A new approach to evaluate the impact of thermophysical properties of nanofluids on heat transfer and pressure drop

In this paper, an experimental and numerical study was conducted to evaluate the impacts of momentum and thermal diffusivity comparing to the thermal conductivity of various types of nanofluids on turbulent forced convection heat transfer. 1%, 2%, and 3% volumetric concentrations of different nanofluids such as Al2O3-DW, SiO2-DW, and Cu-DW were considered in this study and their properties were evaluated numerically at the flow inlet temperature of 30 degrees C. The experimental works were conducted with distilled water as a working fluid to validate the 2-D numerical model. A two-dimensional domain was constructed using ANSYS-Fluent package, and the standard k-epsilon turbulence model was employed to solve the continuity, momentum, and energy equations.
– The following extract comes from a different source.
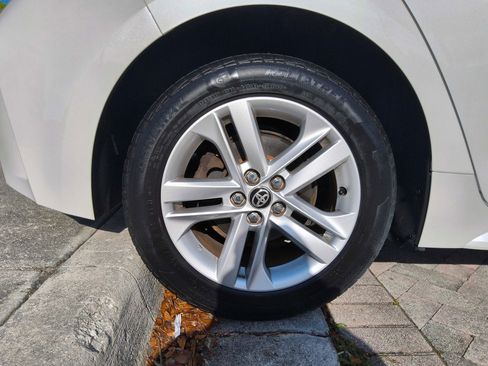 Used 2020 Toyota Corolla SE FWD image 45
The flow was maintained in the Reynolds range between 6000 and 12,000, and the data obtained experimentally were validated by results from empirical correlations. The numerical solutions for the average Nusselt number and pressure drop presents a good agreement with the experimental results as the average error was less than 5% for both the cases of heat transfer and pressure loss data. The results showed that Al2O3 -DW nanofluid has the best enhancement in convection heat transfer coefficient compared with the DW and other nanofluids of the same concentration while Cu-DW nanofluids shown the lowest enhancement though it shown the highest value of thermal conductivity. Also, the results showed that the product of kinematic and dynamic viscosities had the greatest effect on pressure drop in the fluid domain.